Aim of the exercise => Render every line of the data exactly as written, and leave out the pictures.

(Items listed in a dataset)
##########
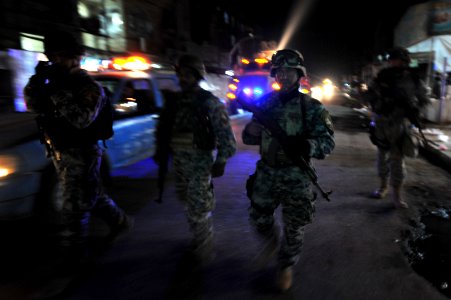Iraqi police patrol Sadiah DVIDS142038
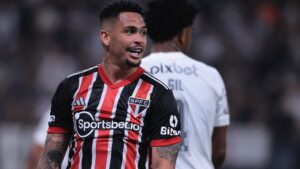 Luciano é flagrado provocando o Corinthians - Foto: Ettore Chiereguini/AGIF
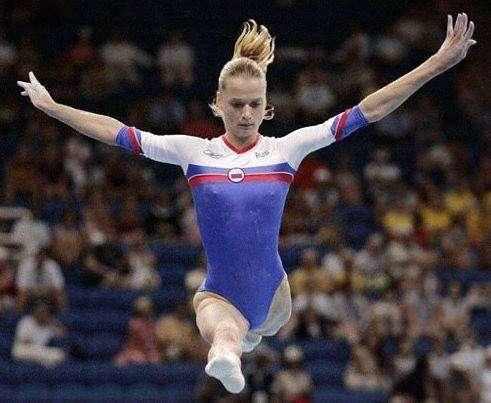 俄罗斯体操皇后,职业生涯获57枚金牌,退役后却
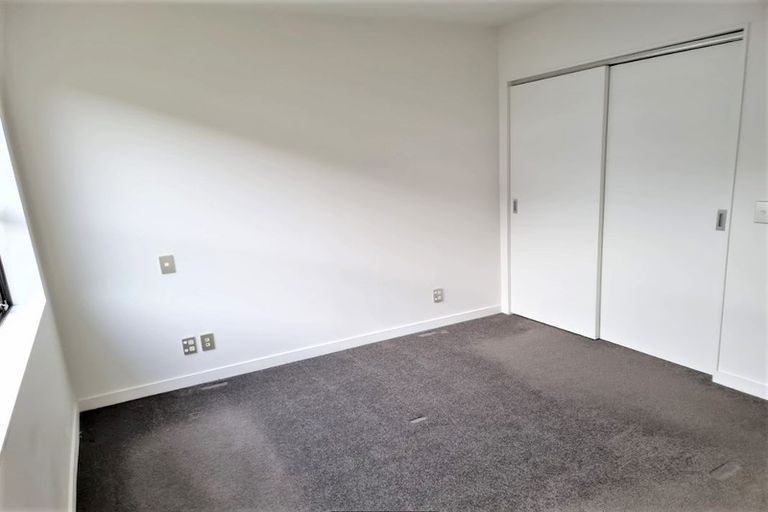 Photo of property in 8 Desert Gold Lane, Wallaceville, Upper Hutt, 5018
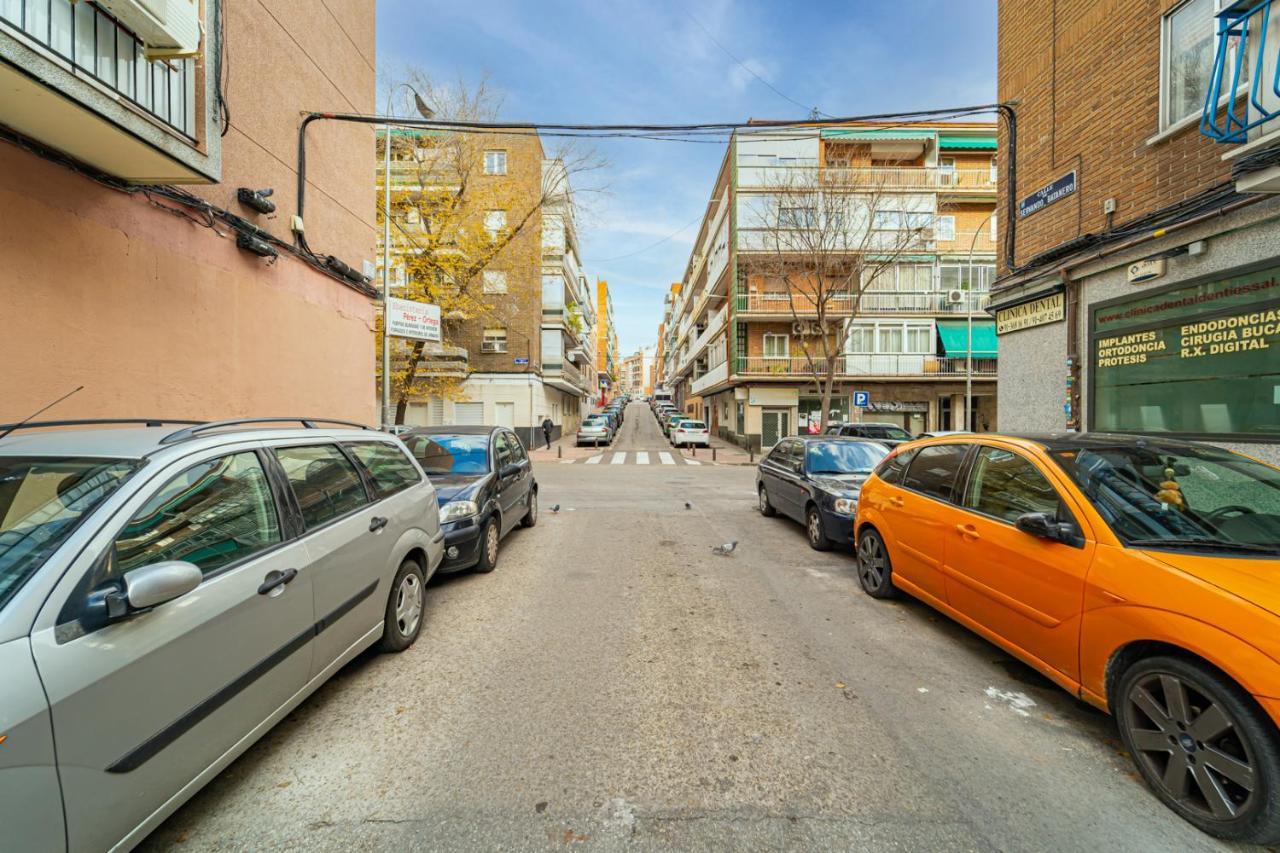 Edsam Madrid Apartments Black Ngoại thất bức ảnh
##########
Solution to this problem =>
Iraqi police patrol Sadiah DVIDS142038
 Luciano é flagrado provocando o Corinthians - Foto: Ettore Chiereguini/AGIF
 俄罗斯体操皇后,职业生涯获57枚金牌,退役后却
 Photo of property in 8 Desert Gold Lane, Wallaceville, Upper Hutt, 5018
 Edsam Madrid Apartments Black Ngoại thất bức ảnh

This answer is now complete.